■ Directions ■
Nothing but the lines from the start of the data through the line with "MAXGIOIE - Bracciale" should appear in the answer, each retyped exactly, and pictures should not.

─── Available data ───

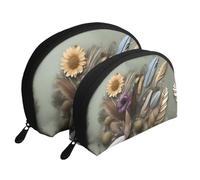 Labyrinth Treasure Map Moon Cosmetic Bag, Travel Makeup Pouch, Portable Waterproof Cosmetic Pouch for Girls Women., Feather Flower, One Size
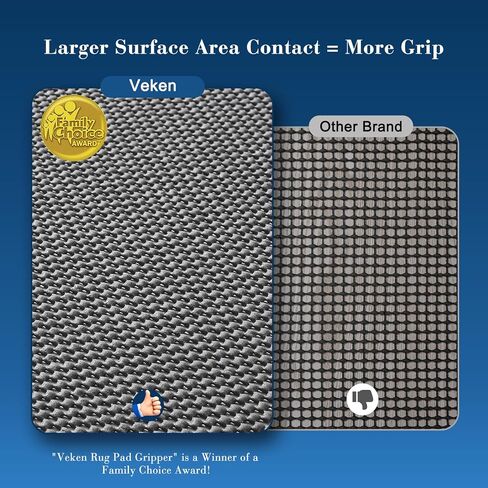 Veken 6x9 Ft Rug Pad Gripper for Hardwood Floors, Non Slip Rug Pads for Area Rugs, Thick Dark Grey Rug Grippers for Tile Floors, Under Carpet Anti Skid Mat, Keep Your Rugs Safe and in Place in Saudi Arabia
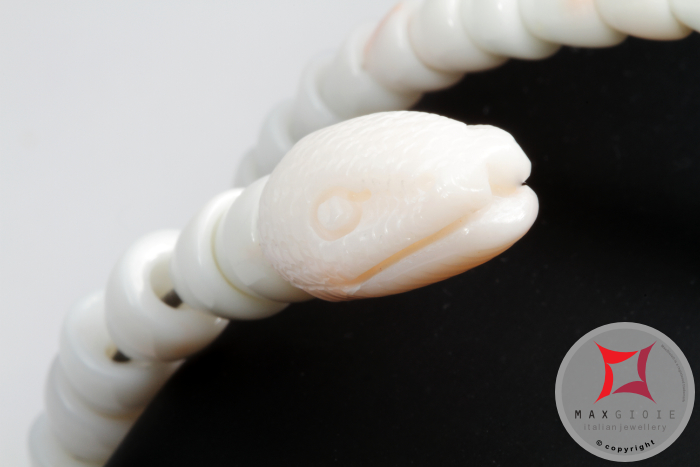 MAXGIOIE - Bracciale Corallo bianco Extra incisione serpente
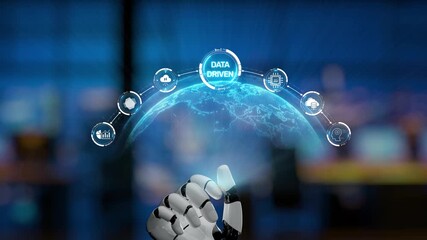 A futuristic robot hand reaches out towards a dynamic data-driven concept, highlighting global technology connections and digital icons in a modern workspace setting. Synapse - Powered by Adobe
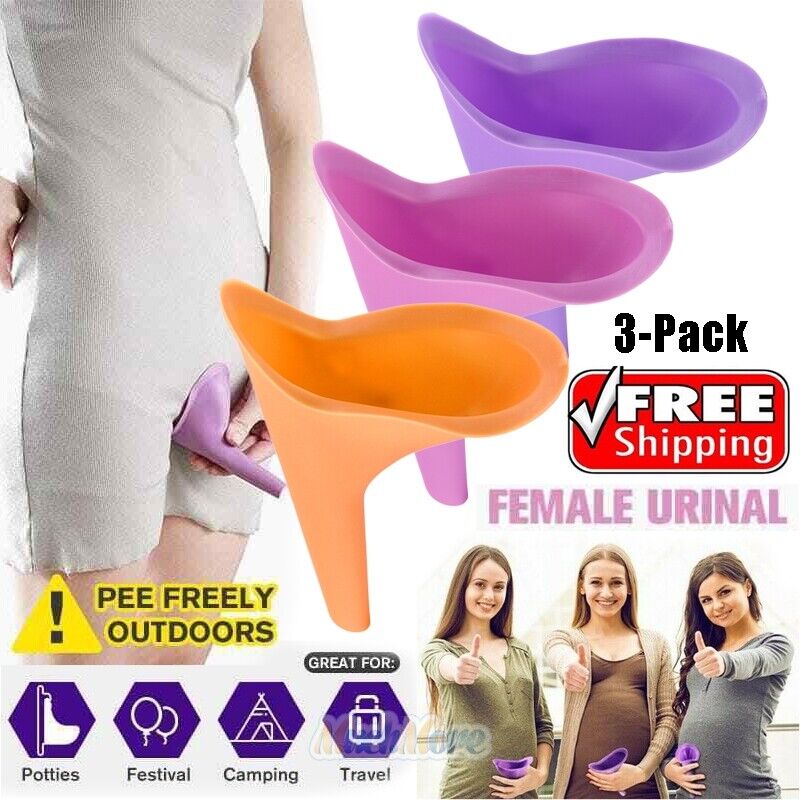 3xReusable Silicone Portable Urinal Women Female Travel Camping Stand Pee Device Unbranded Does Not Apply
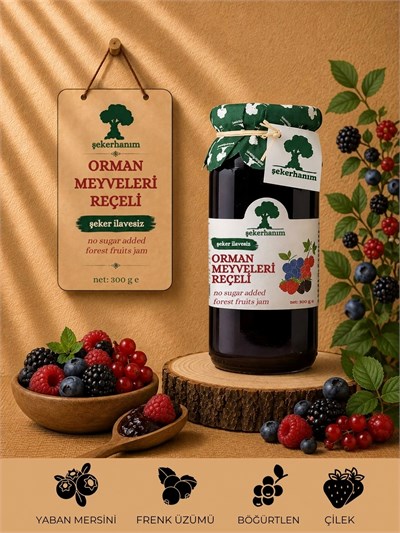 Şeker İlavesiz Orman Meyveleri Reçeli | 300 g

───

■ Response ■
 Labyrinth Treasure Map Moon Cosmetic Bag, Travel Makeup Pouch, Portable Waterproof Cosmetic Pouch for Girls Women., Feather Flower, One Size
 Veken 6x9 Ft Rug Pad Gripper for Hardwood Floors, Non Slip Rug Pads for Area Rugs, Thick Dark Grey Rug Grippers for Tile Floors, Under Carpet Anti Skid Mat, Keep Your Rugs Safe and in Place in Saudi Arabia
 MAXGIOIE - Bracciale Corallo bianco Extra incisione serpente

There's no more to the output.